Los que me vean pensarán que soy un maleducado o un pervertido, pero no me importa. A pocos pasos de nuestra casa, justo antes de llegar a la cancela, me paro junto a la reja que hace de frontera entre la calle y nuestro patio. Acerco la frente a los barrotes y te busco entre las ramas secas. Vas de habitación en habitación haciendo cosas que aún no me incluyen. Me gusta mirar tus movimientos en mute. Comprobar que mi vida existe sin mí. Que no existe por mí. Entras en la cocina repitiendo maquinalmente los gestos de siempre.
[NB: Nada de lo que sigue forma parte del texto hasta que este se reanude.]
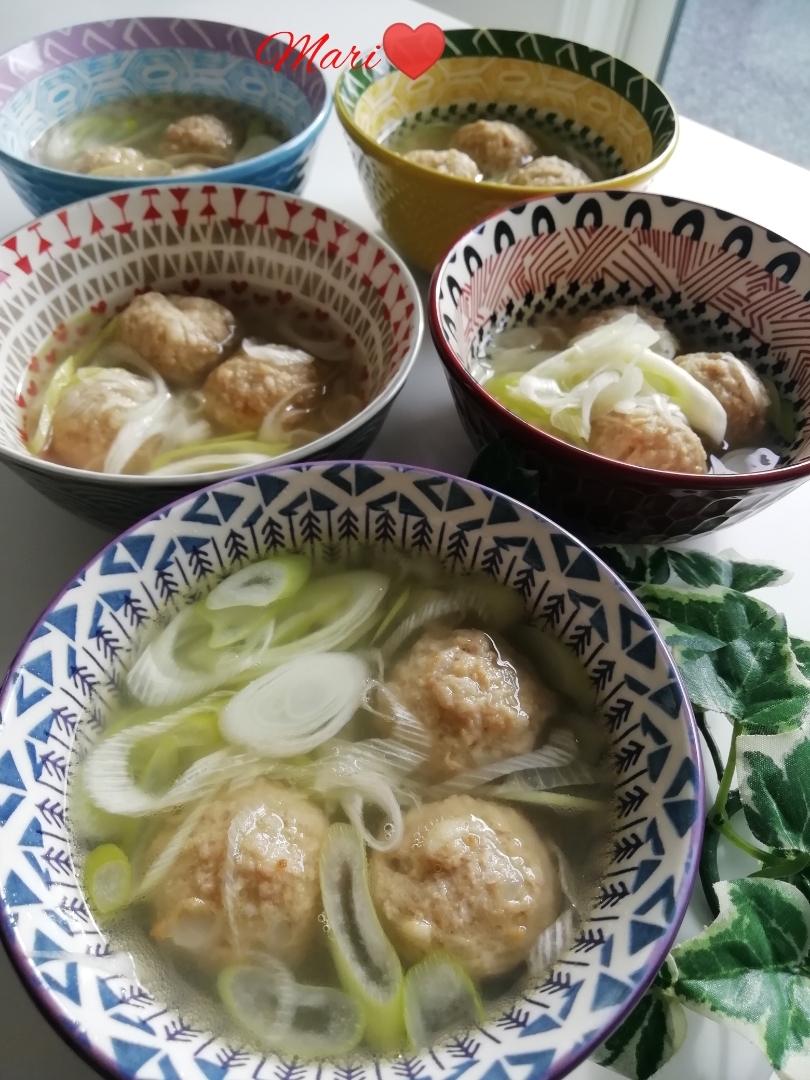 めちゃ簡単!業務スーパーの肉だんごのスープ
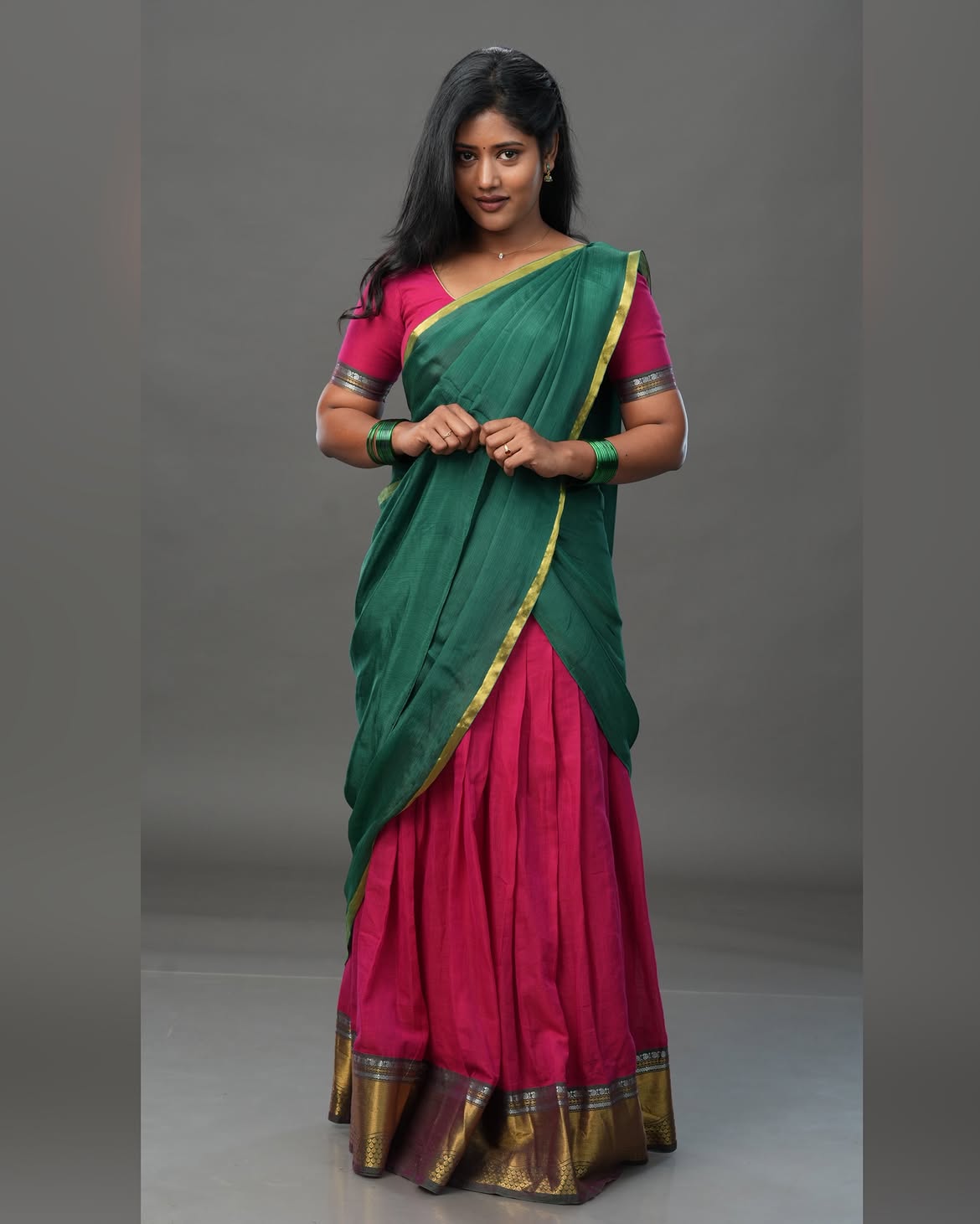 Memu Copulam Actress Parvathie Modern Looks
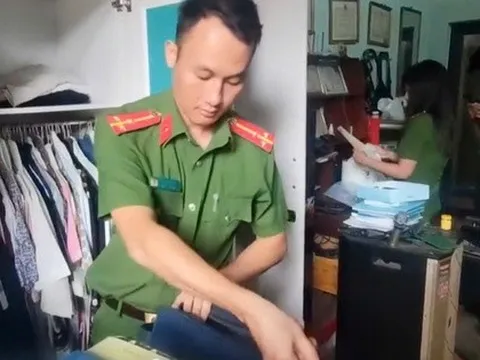 Khám xét khẩn cấp nhà chủ tài khoản "Lãng tử Tây Bắc" chuyên kêu gọi từ thiện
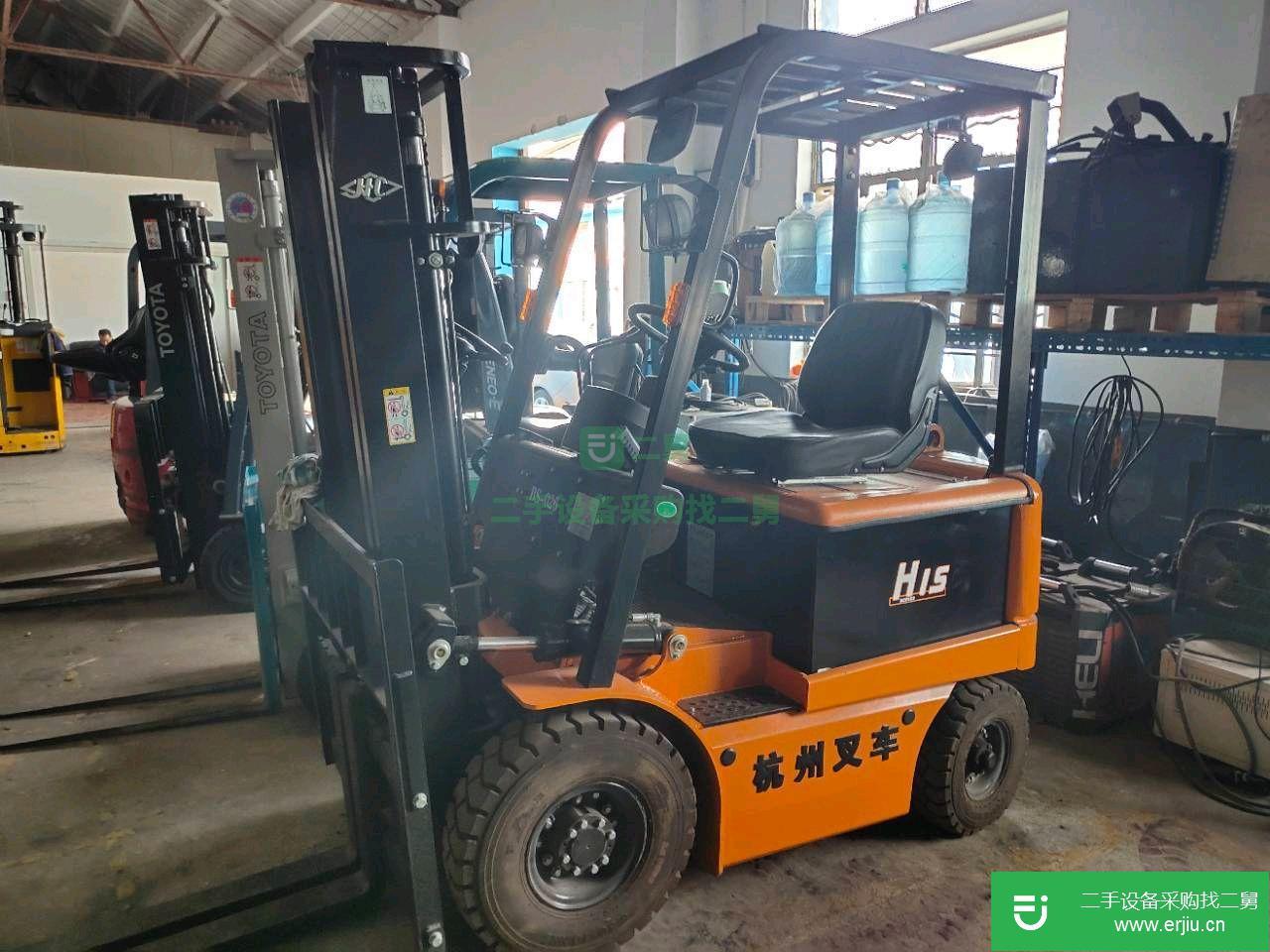 二手電動(dòng)叉車(chē)，1.5噸二手杭州叉車(chē)轉(zhuǎn)讓，使用100個(gè)小時(shí)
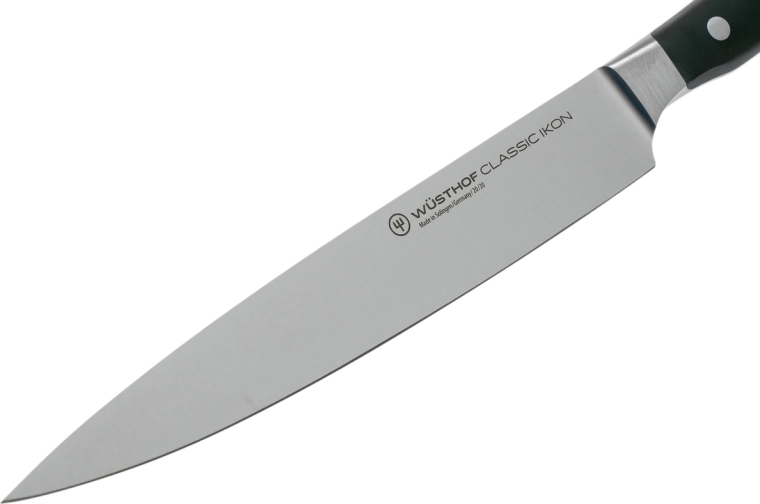 Precise slicing thanks to a sharp blade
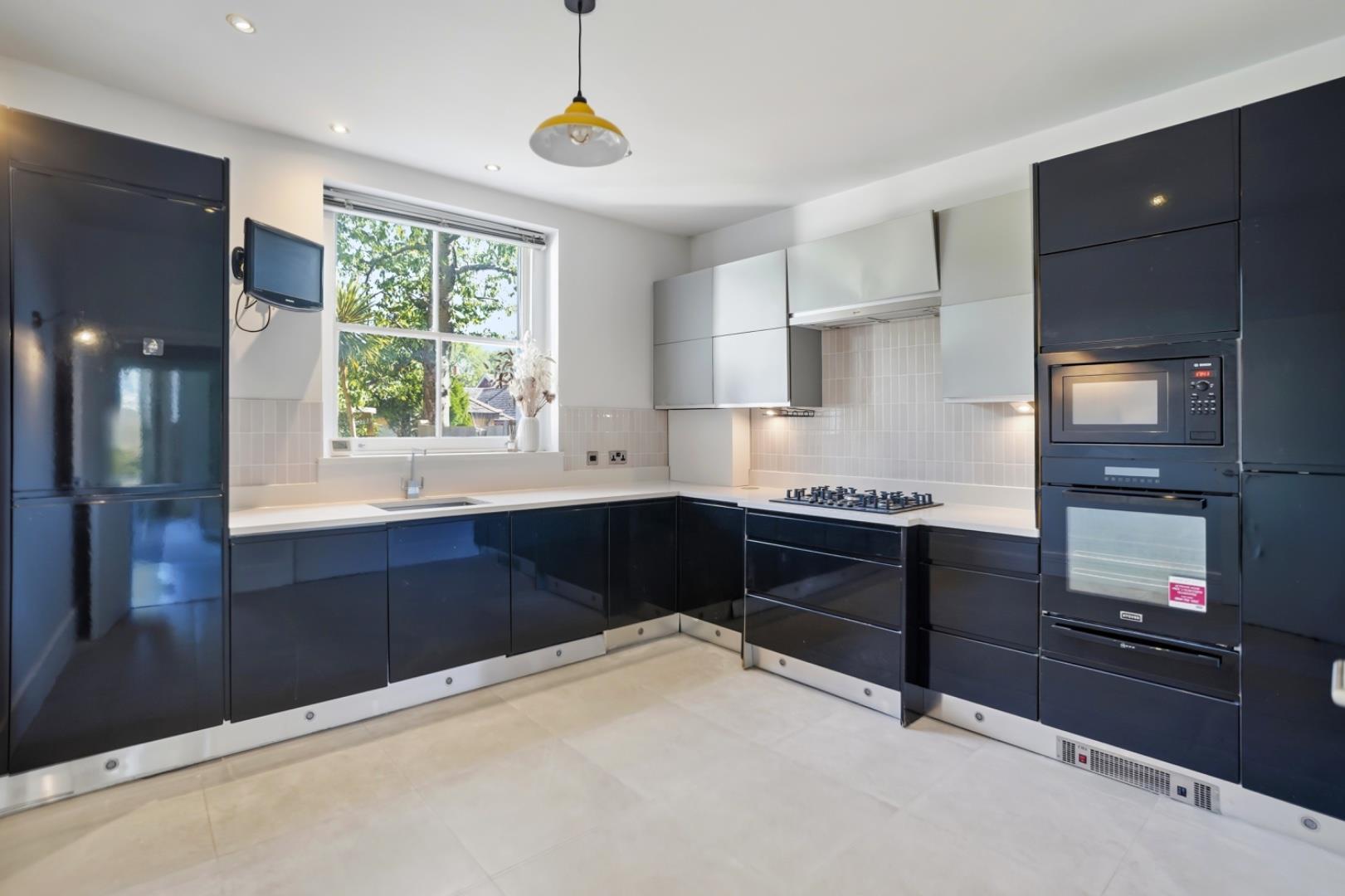 Property Image 24ebef4e-f089-4b90-bce7-00f301f90dc5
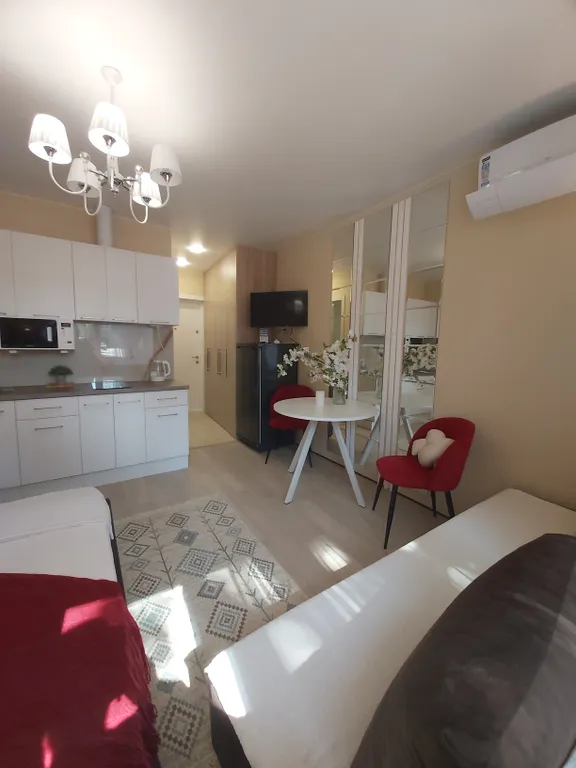 Дизайнерская студия у моря Солнечный акцент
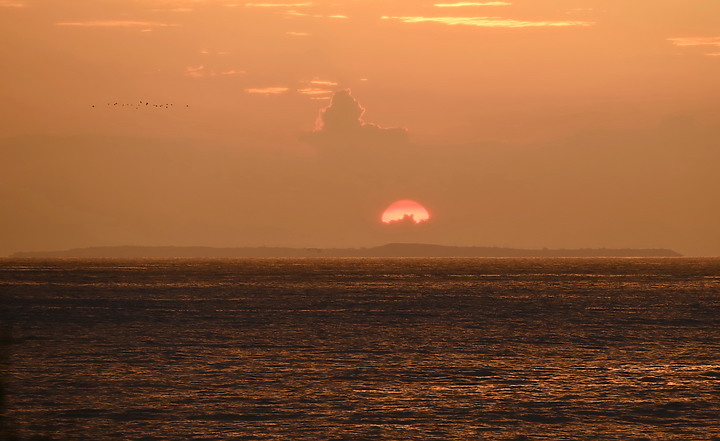 Nikon Z5開箱：枋山拍彩虹、夕陽、黃昏、小琉球、歸鳥與浪花。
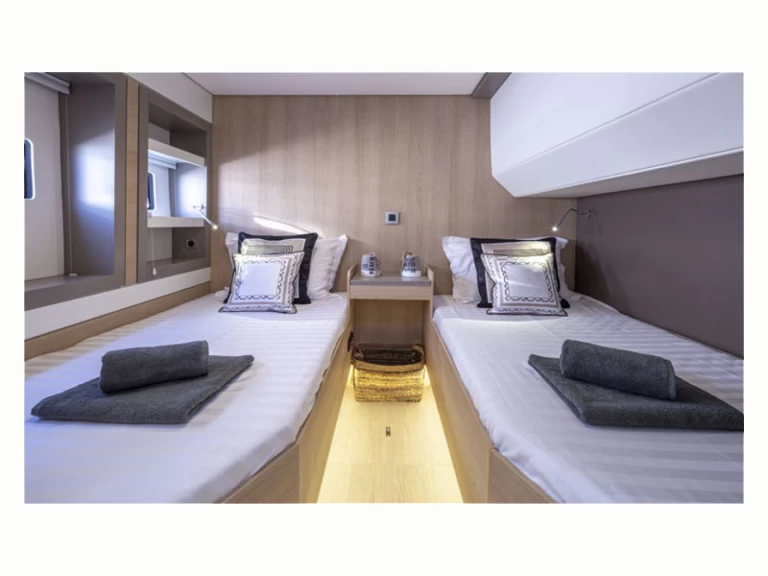 Pronajmout si Bali Bali 5.4 v Alimos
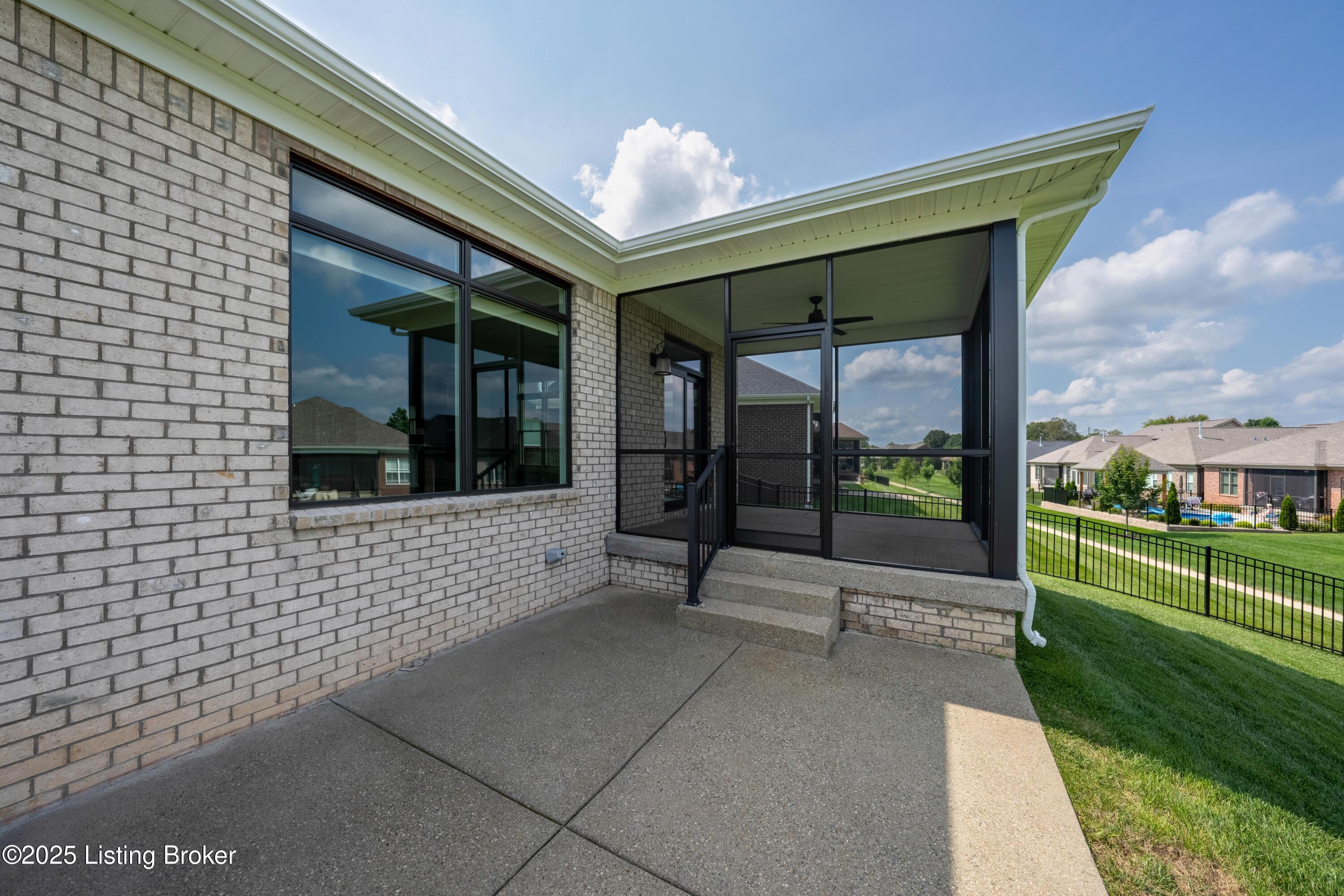 1286 Coolhouse Way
Solo veo tu espalda y el dorso de tus brazos, pero intuyo que estás preparándole la cena a Ale. Tus manos remueven, tocan, procuran y en un momento inesperado se posan sobre la encimera. La cabeza agachada. El tiempo detenido. Se ha roto el hilo de lo previsible. Pienso en entrar, pero tu movimiento anula el mío. Te giras hacia la ventana y veo tu cara. Estás llorando. Podrías mirarme, pero yo ya no estoy detrás del brezo. He cruzado dos puertas. He recorrido el portal, he metido la llave en la cerradura y he entrado en casa. Solo quiero abrazarte. El niño me saluda ilusionado desde el salón, pero me urge verte. Ayudarte si es posible. Ofrecerte mi amor. Pero justo cuando voy a entrar en la cocina, tú vienes hacia la puerta con un plato en las manos y una sonrisa sincera. Me miras y no dices nada, solo sonríes. No se nota que has llorado. Cuando llegas a la mesa, el niño se vuelve loco de alegría. Tu pena es un fantasma. No se ve o no existe.
Quiero preguntarte, pero sé que tú prefieres dejarlo pasar. Seguir con tus cosas. Te oigo trastear en las habitaciones del fondo. Preparándolo todo para mañana. Yo me voy a la ducha y finjo no haber visto lo que he visto. Respeto tus tiempos. Esquivo pensamientos bajo el agua caliente, me enjabono, intento relajar el cuello. Estoy a punto de olvidar el martes cuando oigo la manilla de la puerta y apareces en el baño. Intuyo que vienes a desahogarte, pero intuyo mal. Solo vienes a coger algo. Cierro el grifo, pongo los pies en la alfombrilla y le digo al espejo lo que no te he dicho a ti.
Salgo y veo que Ale se está lavando los dientes. Tú descansas por fin en el salón. Es la hora del cuento. Voy deshaciendo la cama, recojo los últimos juguetes, preparo el vaso de agua. Es el mejor momento del día. Ale elige el de los tiburones y nos tumbamos los dos. Antes de empezar a leer, hablamos un rato. Hoy ha estado en natación y luego en el parque pero él quiere hablar de otra cosa.
—Papi.
—Dime, hijo.
—Hoy mamá estaba triste, pero yo la he puesto contenta.
—No me digas. ¿Y cómo lo has conseguido?
—Muy fácil. A mí me pone contento la sopa de estrellitas. Así que le he dicho que hiciese mucha mucha mucha sopa de estrellitas para que hubiese para todos. Así que si tú también estás triste, todavía queda un poco.
—Muchas gracias, cariño.
Lo abrazo. Abrazo su naturalidad bendita y sigo leyéndole. Entonando una voz diferente para cada personaje, como a él le gusta. Siento el calor de su cuerpo en mi costado. Su respiración cada vez más acompasada. Una paz profunda. No necesito verle la cara para saber que está dormido. Leo hasta la última página y me quedo un rato mirando el techo. Intentando desentrañar el misterio. Como San Agustín en la orilla. Dándole vueltas a una única pregunta: ¿Cuánto amor cabe en un sobre de sopa?